I have had the privilege of serving on the board of ETC for three years and continue to be amazed at what this organization can accomplish with extremely limited resources. Not only is their model of service delivery effective they have demonstrated their flexibility in responding to new needs resulting from natural disasters while maintaining true to their mission. One wishes we could be as effective and efficient with our efforts in the US given our vast resources.
I have been in the not-for-profit world for the better part of my fifty professional years. I was asked to be part of an organization--Educate the Children-- that has consistently made a difference in women and children's lives for over 25 years and has done so with fewer resources then the most efficient not-for-profits while delivering those services in another country.
I have come to learn in my short tenure on the board that ETC as an organization has created a model that has incorporated the inclusion of the women as leaders to achieve the ultimate goal of bring education to their children, addressing women's issues and providing them with the tools to create agricultural business to improve their own families nutrition while becoming an income base for their families.
With the support, education and guidance of dedicated local professionals the women are first provided basic literacy skills so important in promoting their children's education. Especially among the young women of Nepal. Then through a series of support groups they collectively begin to address women's issues as a whole rather then individuals which creates a stronger voice and base for change. With the assistance of mirco-loan funds they begin their businesses and with repayment of their miro-loans afford the expansion to other women.
With minimal support ETC also addresses the infrastructure needs of physical school spaces providing limited funds for refurbishing or building new schools with local craft persons and volunteers. Included in that process is the addition of sanitary facilities in the schools as well as in most of the homes of the women involved in the program. The availability of such sanitary facilities become extremely important for young women as they mature and begin to address critical health issues.
All of this is supported by less then a single FTE professional/support staff in the US and a dedicated group of educators and ag professionals in Nepal.
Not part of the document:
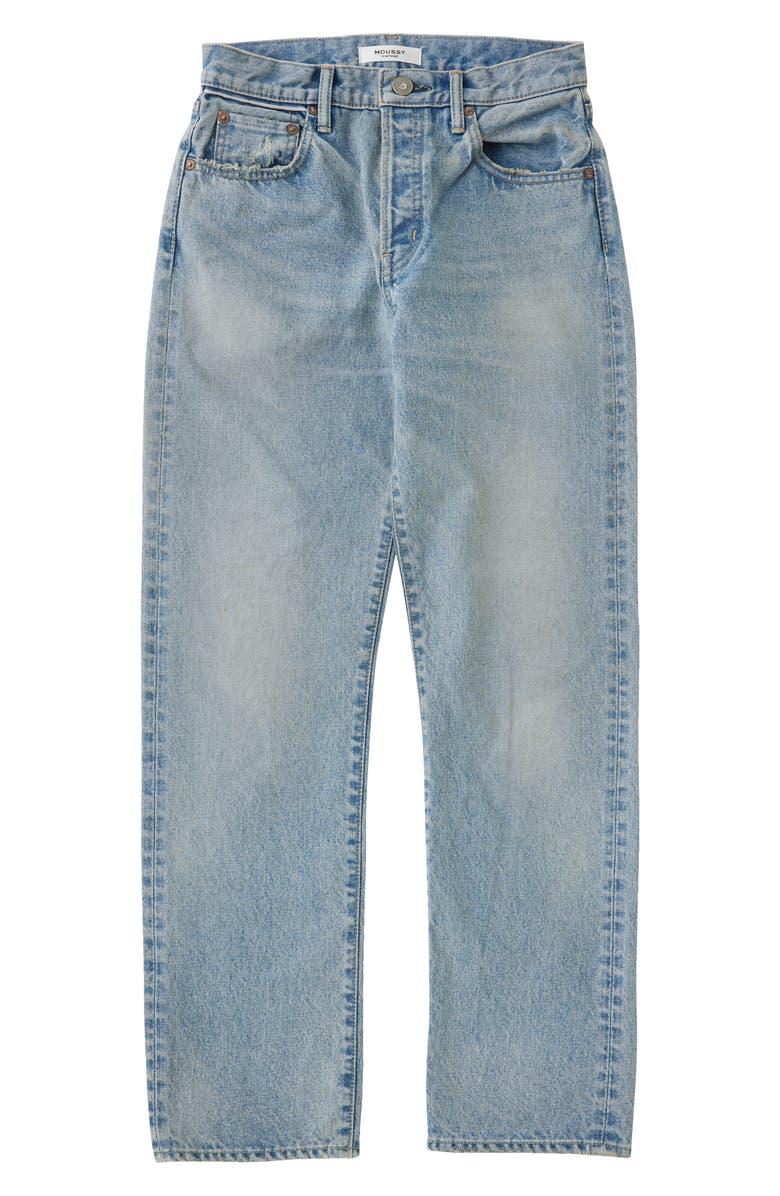 MOUSSY VINTAGE Neely Distressed High Waist Straight Leg Jeans, Alternate, color,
I am certain from my personal experience in the not-for-profit world that the most efficient organization in the US cannot begin to achieve what ETC has accomplished in Nepal over the past 25 years, I am glad to be associated with this organizations efforts.
As an Ithacan, I have long supported this wonderful group. Although unlike others I have no direct link to Nepal, I know people who have Nepali adopted children and who themselves have worked in Nepal. I know how great the need is, and how helpful ETC is to women & their families by helping them to help themselves, not simply with handouts.
Our interest in Nepal comes from six wonderful years living in that beautiful country - three as PC volunteers, and three as teachers in the International School in Kathmandu. It was my privilege to serve on the board of ETC back in the 1980s and my husband and I have been supporters ever since. This is an organization that does a wonderful job working in the field helping the Nepali people to become self-sufficient. It has been a joy to receive yearly updates from the women's organizations and students that we have supported and to see the difference ETC is making in their communities and lives. There are many organizations who want our money, but I know with ETC the money is actually going to help improve the lives of the Nepali people. I have been impressed by the hard work done in the country in the aftermath of the earthquakes in April - it is so good to see pictures of the children back in school now. Thank you, ETC!